こうした工夫が、介助の負担軽減や自立支援にもつながります。段差や動線に細やかに配慮し、「行きやすく、使いやすい」空間に整えることが、安心して暮らせる住まいづくりの鍵となります。
押入れをトイレにした施工事例
押入れをトイレにした施工事例を紹介します。
生活の拠点を2階から1階に移そうと考えていた方の押入れトイレの施工事例
身体機能の低下により、階段の昇り降りに危険が伴うようになったため、生活の拠点を2階から1階に移そうと考えていらっしゃった方からのご依頼です。
元あった押入れをトイレに改装することで、部屋の大きさを変えることなくトイレを新設できました。限られた空間ながらも、トイレとして十分な広さを確保でき、快適に使える仕上がりになりました。

和室→洋室に変更し、ベッドをより近くに配置。
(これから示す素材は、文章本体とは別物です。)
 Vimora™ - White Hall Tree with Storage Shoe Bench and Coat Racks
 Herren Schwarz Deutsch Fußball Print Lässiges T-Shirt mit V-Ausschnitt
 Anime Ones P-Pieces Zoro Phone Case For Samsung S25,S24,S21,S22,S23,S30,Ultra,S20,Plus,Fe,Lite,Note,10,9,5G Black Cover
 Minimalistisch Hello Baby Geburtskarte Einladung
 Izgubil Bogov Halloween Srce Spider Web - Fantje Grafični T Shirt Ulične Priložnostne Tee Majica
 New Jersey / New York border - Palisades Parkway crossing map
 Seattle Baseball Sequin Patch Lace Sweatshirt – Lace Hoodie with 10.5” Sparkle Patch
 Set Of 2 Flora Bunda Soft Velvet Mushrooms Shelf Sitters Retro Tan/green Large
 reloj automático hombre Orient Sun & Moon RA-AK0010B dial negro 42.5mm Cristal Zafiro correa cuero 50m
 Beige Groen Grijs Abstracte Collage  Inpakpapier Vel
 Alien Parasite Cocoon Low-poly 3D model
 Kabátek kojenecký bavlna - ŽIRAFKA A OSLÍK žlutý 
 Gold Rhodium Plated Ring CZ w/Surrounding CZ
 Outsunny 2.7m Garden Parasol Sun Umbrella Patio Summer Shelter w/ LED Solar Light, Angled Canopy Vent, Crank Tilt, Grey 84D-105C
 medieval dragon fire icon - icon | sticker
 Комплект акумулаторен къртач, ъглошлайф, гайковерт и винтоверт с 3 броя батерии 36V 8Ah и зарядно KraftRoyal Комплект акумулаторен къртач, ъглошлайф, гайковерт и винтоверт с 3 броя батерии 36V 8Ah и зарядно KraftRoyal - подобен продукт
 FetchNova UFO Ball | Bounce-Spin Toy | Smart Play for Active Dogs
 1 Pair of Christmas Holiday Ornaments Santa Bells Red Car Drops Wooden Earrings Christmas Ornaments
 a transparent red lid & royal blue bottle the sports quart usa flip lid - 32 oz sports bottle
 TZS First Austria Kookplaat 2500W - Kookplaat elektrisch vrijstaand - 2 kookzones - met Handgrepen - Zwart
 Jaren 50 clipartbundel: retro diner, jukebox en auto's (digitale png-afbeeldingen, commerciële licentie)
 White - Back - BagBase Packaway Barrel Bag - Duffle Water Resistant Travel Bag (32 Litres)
押入れをトイレにした施工事例
こちらも、身体能力の低下が原因で、階段の昇り降りに危険が伴うようになったため、生活の拠点を2階から1階に移そうと考えていらっしゃった方のケースです。
寝室にする部屋と廊下の段差の解消のために、床をかさ上げし、ベッドが置きやすいように畳からフローリング(和室→洋室)へ変更しました。
また、1階トイレの拡張をご希望でしたが、ご利用者様のADLを考えた際、トイレを広くとるのはもちろんですが、極力寝室の近くにある方が良いのではないかとご提案をして、寝室予定の部屋の押入れをトイレに変更することになりました。
トイレのドアはパッと見たところトイレとはわかりづらくし、普通の寝室の見た目を維持し、臭いなどの対策も十全に行ったため、寝ている場所の近くにトイレのある不快感を無くしています。
また、ベッドを近くに配置して、トイレまでの動線を手すりでつなぐことで、「なんとか自力でトイレに行けるようになった」とのお声を頂いています。

押入れトイレの設置にかかる費用は?
押入れをトイレにリフォームする場合、一般的な費用の目安は約60万~100万程度です。
ただし、状況によって大きく変動するため、まずは現地調査と見積の取得が大切です。
主な費用項目は以下になります。
- 給排水工事費(配管の位置や長さによって大きく変動)
- 便器・設備機器費(便器本体や手洗い器、照明、換気扇など。グレードや費用によって異なる)
- 電気工事費(照明や換気扇、温水便座等を設置するための配線・コンセント工事が必要)
- 内装・仕上げ工事費(床・壁・天井・防水/防臭/防音対策、手すりなどの設置など)
高齢者や障害のある方の生活改善を目的としたトイレ改修であれば、各自治体のバリアフリー改修の助成制度が活用できる可能性があります。
対象となるには、事前の申請と工事内容の条件を満たす必要があるため、担当のケアマネージャーやリフォーム会社との相談を早めに進めることが大切です。
押入れを活用したトイレリフォームは、増築よりもコストを抑えつつ、暮らしやすさを大きく高められる選択肢です。
検討の際は、希望の設備・動線・安全性などもふまえて、トータルでプランニングをすることが成功のカギとなります。